Your credit score isn't just a random number -- it's an indication of how reliable you've been in borrowing. The higher your credit score, the more likely you are to get approved to open a credit card, take out a mortgage, or borrow money with a personal loan. So you can't afford to buy into the many myths that circulate about credit scores. Here are a few such myths, debunked.

1. Closing credit cards is good for your score

You might assume that having fewer credit cards is good for your score, because it means you spend and borrow less. In fact, closing accounts can hurt your score in two ways.

First, canceling cards means losing the credit they provide you. And one major factor in calculating your credit score is your credit utilization ratio, which measures your available credit against the amount you've borrowed. If you close a card with a $3,000 spending limit, for example, your credit utilization ratio climbs as the amount of available credit drops, and that's not a good thing -- keep that ratio to under 30% to avoid a hit to your score.

Another issue with closing credit cards: the length of your credit history is also part of calculating your score. If you close an account you've held for a long time, your score could take a hit.

2. Checking your credit report hurts your score

It's a good idea to check your credit report every few months to spot any fraudulent activity and see where your loan balances stand. Checking your credit report won't harm your credit score -- so don't let anyone convince you it might.

On the other hand, when a credit card issuer or mortgage lender checks your credit report, that's a hard inquiry, and that will bring your score down a bit. That's why it's smart not to apply for too many new loans or credit cards at once. But checking your own credit report should not pose an issue at all.

3. The more you earn, the higher your score

Income has nothing to do with your credit score. Rather, your credit score measures how well you pay your bills and manage your credit. While earning more money may make you more likely to keep up with your bills, it's possible to be quite wealthy and still pay your bills late, or take on too many bills and fall behind.

4. You and your spouse share a credit score

Married couples may share a lot of things, but a credit score isn't one of them. When you tie the knot, you still have your own credit score, as does your spouse.

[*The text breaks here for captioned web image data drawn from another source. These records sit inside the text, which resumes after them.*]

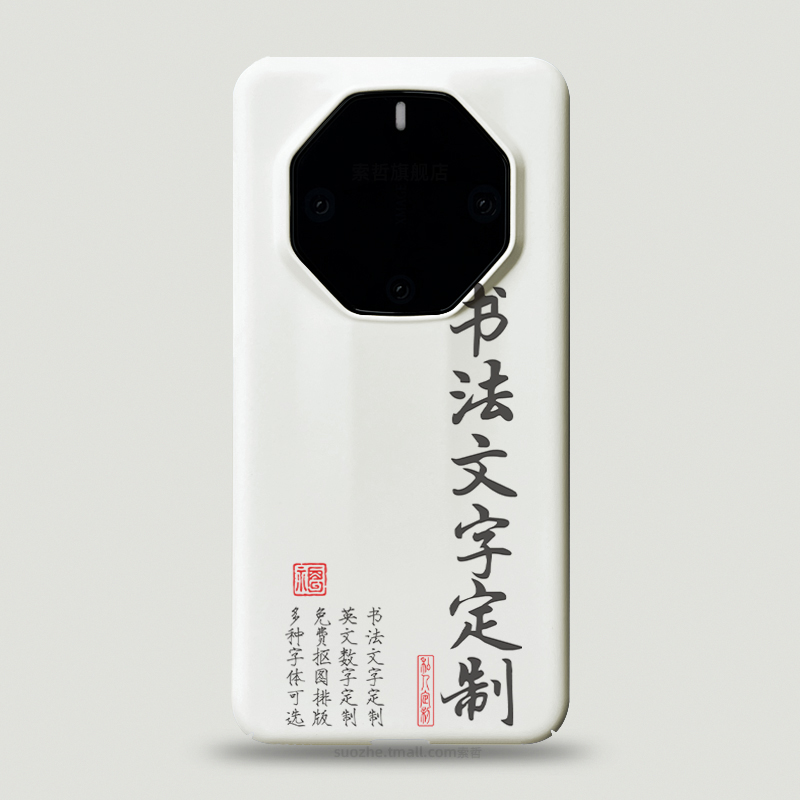 定制书法文字手机壳适用于华为mate60rs非凡大师男女新款毛笔字mate50保时捷个性diy图案数字符号英文40s硬套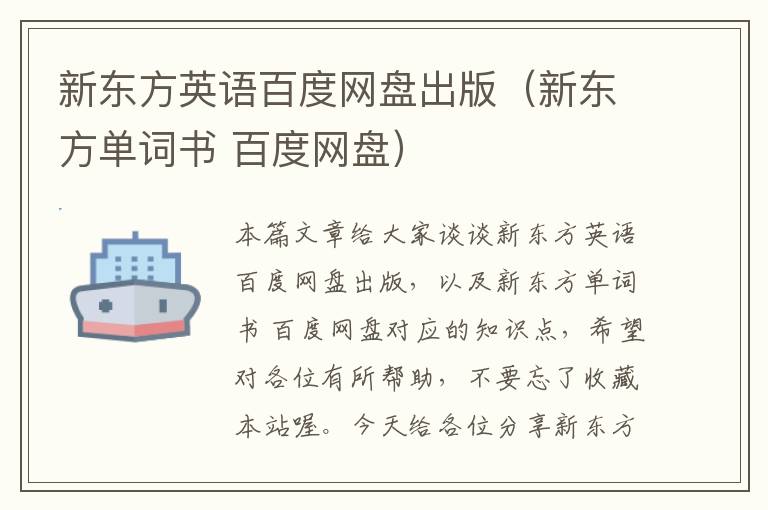 新东方英语百度网盘出版（新东方单词书 百度网盘）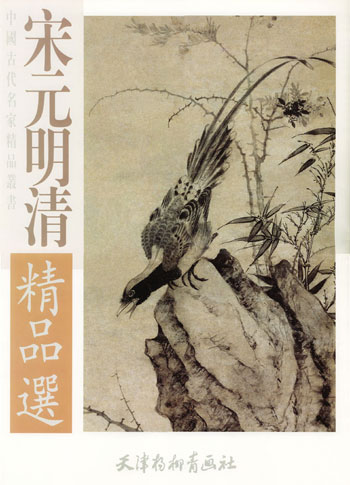 宋元明清精品选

If you have joint debts like a mortgage, the way you manage them reflects upon your credit scores similarly. In other words, if you fall behind on your home loan, your score will take a hit, and so will your spouse's. But you can have a great credit score while your spouse has a poor score, or vice versa.

The more you know about credit scores, the better positioned you are to boost yours or keep it in good shape. Don't believe the above myths -- even though they might appear to make sense.